Además de novelista poeta y dramaturgo, Cuaqueiro desarrolló un recurso literario un tanto olvidado: es hacer de la descripción de la comida, más que la enunciación de una receta, un tránsito por donde la historia y sus personajes comiendo se diluyen en un mismo caudal: la literatura. Fue un experto gastrónomo y hacía de sus narraciones sobre comida una verdadera delicia; dejamos aquí una pequeña crónica histórica sobre «Las Fresas de Bretaña y las Moras», de su libro la «La cocina cristiana de occidente», pág. 45:
«Las fresas de Bretaña, las fresas de Plougastel, tienen historia. Son chilenas y por eso dicen fraises du Chili. Las trajo en 1712 un oficial de marina llamado Fraize, al regreso de un viaje. Son breves como amorodos —fresas—, sabrosas y frescas. El oficial Freize trajo del Brasil un papagayo y hermosas orquídeas. Vivía en Lenvoual, cerca de Plougastel, y pasa por uno de los tenorios bretones del s. XVIII. El propio Freize enseñó a tomar las fresas con nata a los bretones, postre que él había aprendido en Valparaíso, en casa de una señora oidora una jamona que era un trueno y a la que besó y abrazó el marino español «¡Aora vuelta!» (sic). Los ingleses compran fresas de Plougastel para sus confituras, como compran moras de septiembre para el black berry jam. Los bretones gustan de las moras con azúcar, canela y vino de Barsac; el mejor, un Château-Coutet anaranjado y dulce.»

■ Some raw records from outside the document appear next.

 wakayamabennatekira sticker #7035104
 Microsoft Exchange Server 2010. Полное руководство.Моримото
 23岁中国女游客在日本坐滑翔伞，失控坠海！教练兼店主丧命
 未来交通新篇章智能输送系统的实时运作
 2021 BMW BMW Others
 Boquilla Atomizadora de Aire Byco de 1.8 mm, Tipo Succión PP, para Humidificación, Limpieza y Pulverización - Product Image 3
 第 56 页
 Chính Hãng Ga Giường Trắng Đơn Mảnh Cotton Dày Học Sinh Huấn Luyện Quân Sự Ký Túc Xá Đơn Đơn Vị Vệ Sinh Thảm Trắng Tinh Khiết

Cunqueiro agregaba índices onomásticos ficticios al final de sus libros con la finalidad de completar los perfiles de los personajes y que, aquello que no hubiera dicho, quedara bajo la estela de la ficción histórica. Sus libros sobre comida, como sus apreciaciones y valoraciones sobre los platillos más insólitos y peregrinos, llenaron las páginas de los periódicos españoles de la posguerra.

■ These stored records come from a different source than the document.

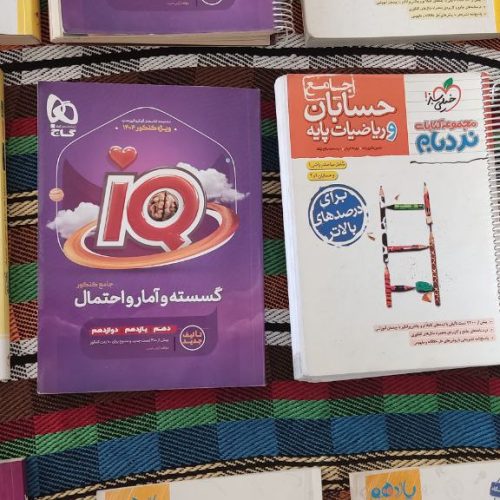 کتاب های کمک آموزشی جدید رشته ریاضی هر 3سال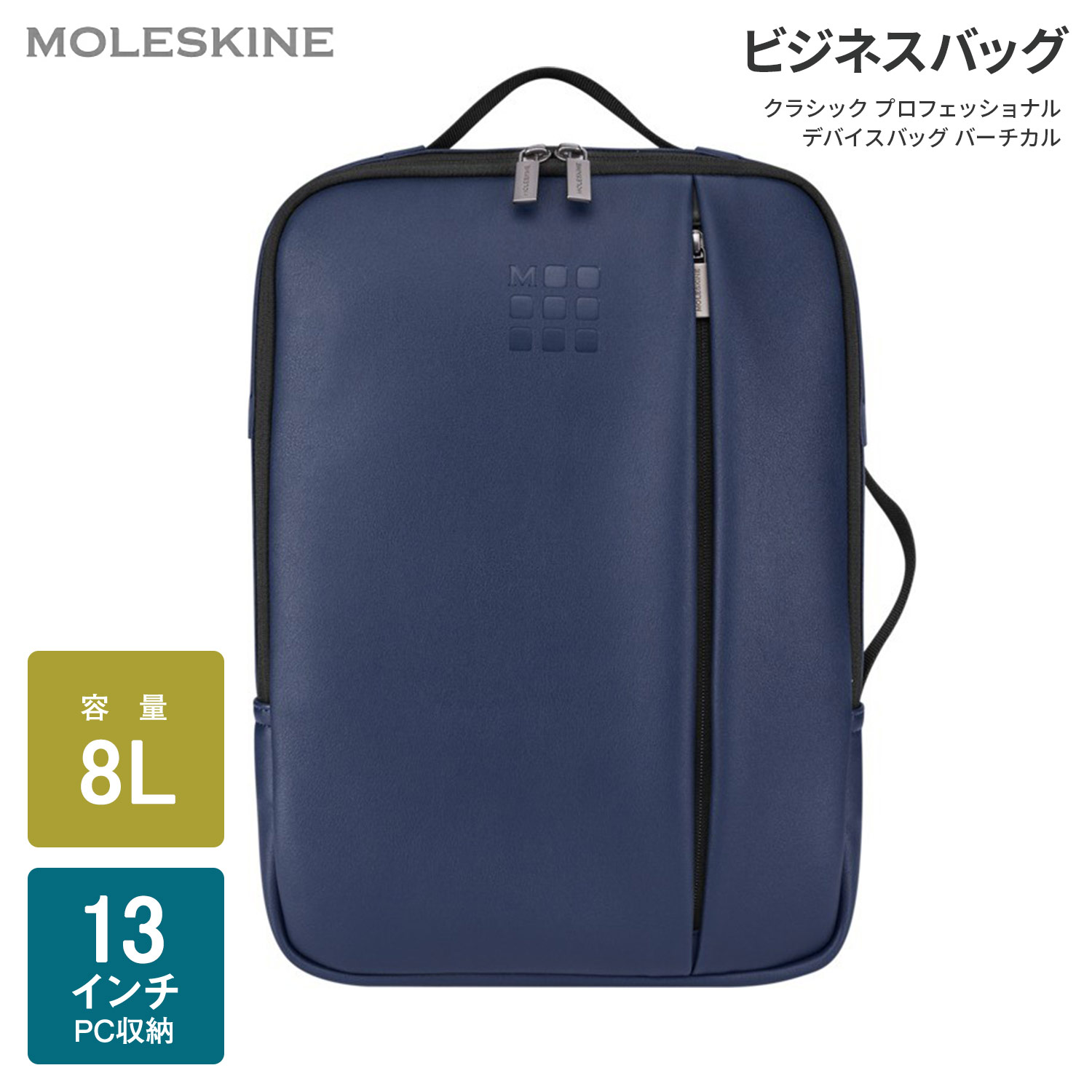 楽天市場】モレスキン/MOLESKINE【クラシックバーチカルショッパー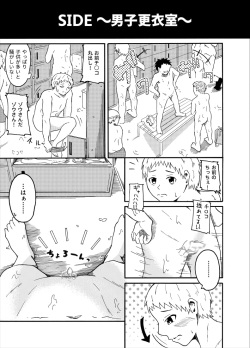 Peeping Girls ~ Men's Locker Room ~ page 2
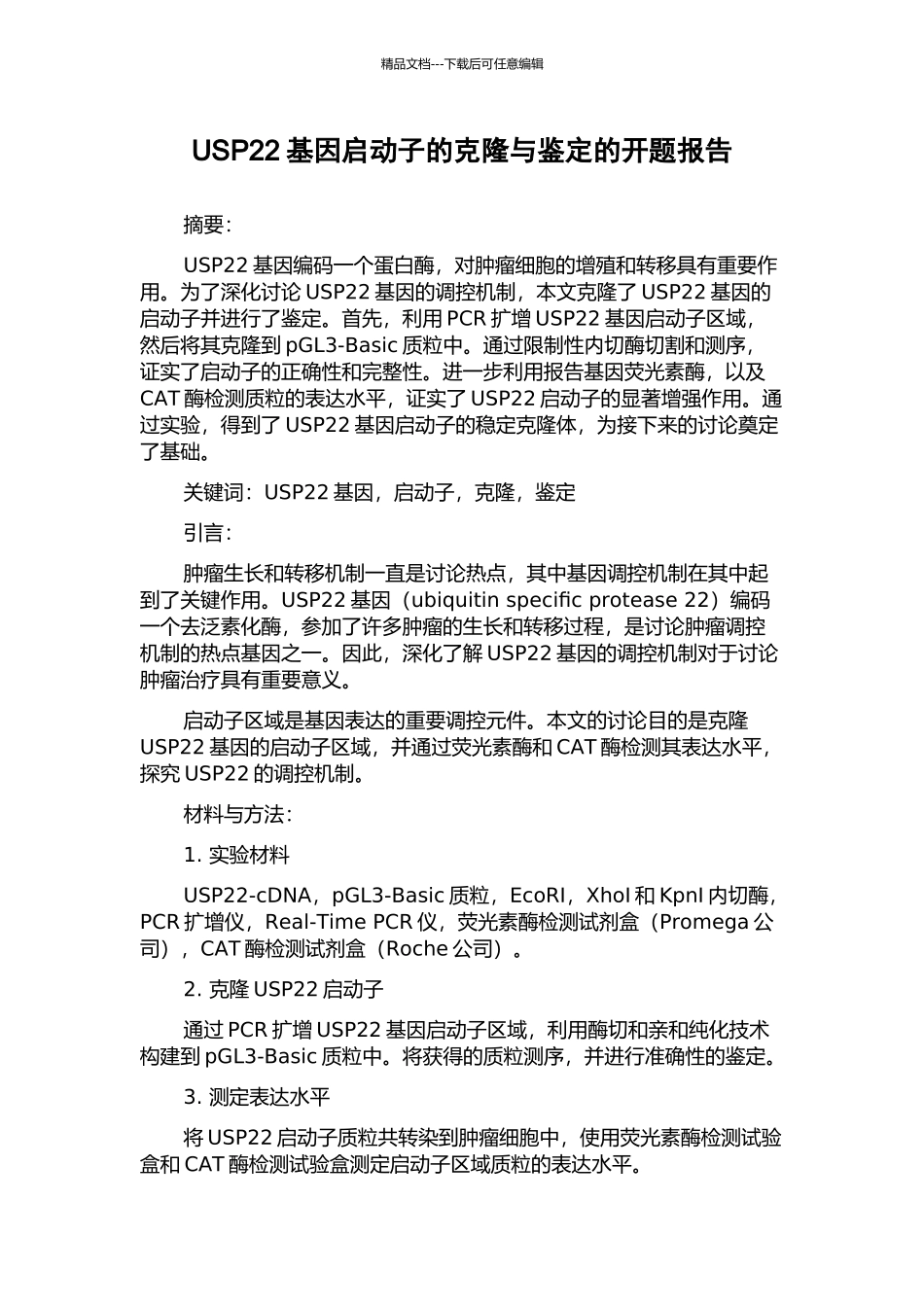 USP22基因启动子的克隆与鉴定的开题报告_第1页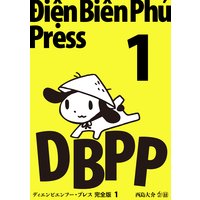 ディエンビエンフー・プレス 完全版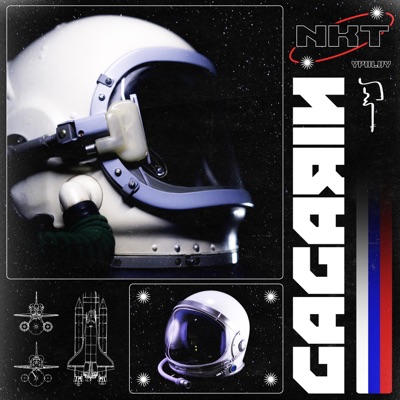Gagarin - EP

Cuando le preguntaron para él que qué era Galicia, respondió que fue, por cientos de años, el punto final de la tierra conocida: el Finisterri, más allá de las rocas de sus acantilados –el punto del mundo en Galicia que los antiguos pensaron era el fin del mundo–, no había más que el océano tenebroso, con abismos donde nadaban peces gigantes que se comían su propia cola y que, cuando llegaron los romanos a conquistar esas tierras, creían que estaban de frente al Leteo, –aquel río por donde Dante dijo que se cruza hacia el más allá– por lo asombroso del paisaje, pero fue Décimo Junio Bruto, quien dirigía la expedición, que les recordó que estaban ahí sólo para conquistar y los soldados despertaron de su ensueño.
Los gallegos –dijo– siempre están a la defensiva, tienen un enorme amor por su tierra –seguramente debe haber pobladores de la Galicia que siguen poseyendo sus pequeñas tierras desde hace dos mil años–, ser ese fin del mundo y el acoso bajo el que vivieron, seguramente los hizo reaccionar para volverlos irónicos y unos pillos capaces de marear a quien fuese con su verborrea.
Un dato: En 2015, la alcaldesa de Madrid, Manuela Camarena, intentó cambiar el nombre de una calle que lleva su nombre, atendiendo la Ley de Memoria Histórica; el presidente de la institución académica gallega, Xesús Alonso Montero le contestó: «honor y gloria de las Letras Hispánicas del S.XX, fue amigo admirado por muchas personas del panorama ideológico republicano y un hombre bueno que nunca, en su condición íntima, se identificó con la violencia fascista; antes y después de 1936».